Book Read Free

Why Beauty is Truth

Page 33

by Ian Stewart


  Interestingly, Dirac’s concept of beauty in mathematics differed considerably from that of most mathematicians. It did not include logical rigor, and many steps in his work had logical gaps—the best-known example being his “delta function,” which has self-contradictory properties. Nevertheless, he made very effective use of this “function,” and eventually mathematicians reformulated the idea rigorously—at which point it was indeed a thing of beauty.

  Still, as Dirac’s biographer Helge Kragh has remarked, “All of [Dirac’s] great discoveries were made before [the mid-1930s], and after 1935 he largely failed to produce physics of lasting value. It is not irrelevant to point out that the principle of mathematical beauty governed his thinking only during the later period.”

  Not irrelevant, perhaps, but not correct either. Dirac may have made the principle explicit during his later period, but he was using it earlier. All of his best work is mathematically elegant, and he relied on elegance as a test of whether he was heading in a fruitful direction. What all this suggests is not that mathematical beauty is the same as physical truth but that it is necessary for physical truth. It is not sufficient. Many beautiful theories have turned out, once confronted with experiments, to be complete nonsense. As Thomas Huxley said, “Science is organized common sense, where many a beautiful theory was killed by an ugly fact.”

  Yet there is much evidence that nature, at root, is beautiful. The mathematician Hermann Weyl, whose research linked group theory and physics, said, “My work has always tried to unite the true with the beautiful and when I had to choose one or the other, I usually chose the beautiful.” Werner Heisenberg, a founder of quantum mechanics, wrote to Einstein,

  You may object that by speaking of simplicity and beauty I am introducing aesthetic criteria of truth, and I frankly admit that I am strongly attracted by the simplicity and beauty of the mathematical schemes which nature presents us. You must have felt this too: the almost frightening simplicity and wholeness of the relationship, which nature suddenly spreads out before us.

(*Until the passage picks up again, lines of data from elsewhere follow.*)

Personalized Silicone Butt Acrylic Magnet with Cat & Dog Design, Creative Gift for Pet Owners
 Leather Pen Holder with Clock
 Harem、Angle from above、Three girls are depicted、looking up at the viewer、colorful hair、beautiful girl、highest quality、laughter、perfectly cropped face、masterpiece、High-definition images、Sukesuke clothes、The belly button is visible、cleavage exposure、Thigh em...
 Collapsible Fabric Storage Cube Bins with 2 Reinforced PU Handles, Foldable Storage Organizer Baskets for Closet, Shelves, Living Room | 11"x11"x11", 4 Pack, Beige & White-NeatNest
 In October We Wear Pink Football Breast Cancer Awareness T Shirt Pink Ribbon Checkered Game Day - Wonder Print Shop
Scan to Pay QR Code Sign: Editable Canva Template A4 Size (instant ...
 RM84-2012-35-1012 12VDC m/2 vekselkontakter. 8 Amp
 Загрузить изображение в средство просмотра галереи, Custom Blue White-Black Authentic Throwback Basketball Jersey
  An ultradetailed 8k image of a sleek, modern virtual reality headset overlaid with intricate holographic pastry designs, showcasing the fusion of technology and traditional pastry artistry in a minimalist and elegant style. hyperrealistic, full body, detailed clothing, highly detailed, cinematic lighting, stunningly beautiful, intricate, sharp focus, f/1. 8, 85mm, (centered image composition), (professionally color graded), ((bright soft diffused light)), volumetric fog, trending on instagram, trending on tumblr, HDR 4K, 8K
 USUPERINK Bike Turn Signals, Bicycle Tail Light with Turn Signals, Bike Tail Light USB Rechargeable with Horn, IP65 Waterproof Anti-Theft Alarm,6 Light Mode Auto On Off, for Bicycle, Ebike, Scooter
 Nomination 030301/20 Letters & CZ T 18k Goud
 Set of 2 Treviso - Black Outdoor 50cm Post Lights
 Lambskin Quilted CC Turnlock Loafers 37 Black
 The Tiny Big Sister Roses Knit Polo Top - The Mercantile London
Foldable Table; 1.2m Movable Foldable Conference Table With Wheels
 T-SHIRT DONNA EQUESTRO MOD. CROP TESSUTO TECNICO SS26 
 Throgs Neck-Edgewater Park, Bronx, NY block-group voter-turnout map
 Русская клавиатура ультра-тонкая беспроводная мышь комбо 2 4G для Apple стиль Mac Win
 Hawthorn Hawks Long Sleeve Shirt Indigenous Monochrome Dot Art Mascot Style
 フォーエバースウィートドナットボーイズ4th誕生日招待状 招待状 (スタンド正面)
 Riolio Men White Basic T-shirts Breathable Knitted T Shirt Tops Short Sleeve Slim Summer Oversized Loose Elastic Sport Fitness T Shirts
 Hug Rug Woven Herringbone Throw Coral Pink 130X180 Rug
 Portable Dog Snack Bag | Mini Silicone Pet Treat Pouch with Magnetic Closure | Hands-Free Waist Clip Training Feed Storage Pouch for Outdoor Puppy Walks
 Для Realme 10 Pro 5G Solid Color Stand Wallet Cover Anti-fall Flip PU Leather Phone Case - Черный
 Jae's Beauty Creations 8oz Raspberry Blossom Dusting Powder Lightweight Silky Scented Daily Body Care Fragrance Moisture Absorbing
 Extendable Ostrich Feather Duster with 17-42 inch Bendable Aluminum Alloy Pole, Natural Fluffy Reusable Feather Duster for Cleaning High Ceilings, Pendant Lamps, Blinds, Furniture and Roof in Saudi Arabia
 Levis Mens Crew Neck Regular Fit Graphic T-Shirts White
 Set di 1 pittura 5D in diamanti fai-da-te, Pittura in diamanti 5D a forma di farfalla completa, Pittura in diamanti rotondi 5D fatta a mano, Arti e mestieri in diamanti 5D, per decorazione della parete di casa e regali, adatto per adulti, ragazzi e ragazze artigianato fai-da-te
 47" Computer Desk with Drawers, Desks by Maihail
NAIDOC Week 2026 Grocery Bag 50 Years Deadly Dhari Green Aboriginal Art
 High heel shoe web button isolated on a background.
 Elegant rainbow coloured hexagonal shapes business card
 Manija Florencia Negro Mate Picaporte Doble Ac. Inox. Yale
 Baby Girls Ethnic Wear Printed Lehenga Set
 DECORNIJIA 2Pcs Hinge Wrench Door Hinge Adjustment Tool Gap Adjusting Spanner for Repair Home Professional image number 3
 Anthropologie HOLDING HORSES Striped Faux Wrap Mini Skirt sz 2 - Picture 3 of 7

  Einstein, in turn, felt that so many fundamental things are unknown—the nature of time, the sources of ordered behavior of matter, the shape of the universe—that we must remind ourselves how far we are from understanding anything “ultimate.” To the extent that it is useful, mathematical elegance provides us only local and temporary truths. Still, it is our best way forward.

  Throughout history, mathematics has been enriched from two different sources. One is the natural world, the other the abstract world of logical thought. It is these two in combination that give mathematics its power to inform us about the universe. Dirac understood this relationship perfectly: “The mathematician plays a game in which he himself invents the rules while the physicist plays a game in which the rules are provided by nature, but as time goes on it becomes increasingly evident that the rules which the mathematician finds interesting are the same as those which nature has chosen.” Pure and applied mathematics complement each other. They are not poles apart, but the two ends of a connected spectrum of thought.

  The story of symmetry demonstrates how even a negative answer to a good question (“can we solve the quintic?”) can lead to deep and fundamental mathematics. What counts is why the answer is negative. The methods that reveal this can be used to solve many other problems—among them, deep questions in physics. But our story also shows that the health of mathematics depends on the infusion of new life from the physical world.

  The true strength of mathematics lies precisely in this remarkable fusion of the human sense of pattern (“beauty”) with the physical world, which acts both as a reality check (“truth”) and as an inexhaustible source of inspiration. We cannot solve the problems posed by science without new mathematical ideas. But new ideas for their own sake, if carried to extremes, can degenerate into meaningless games. The demands of science keep mathematics running along fruitful lines, and frequently suggest new ones.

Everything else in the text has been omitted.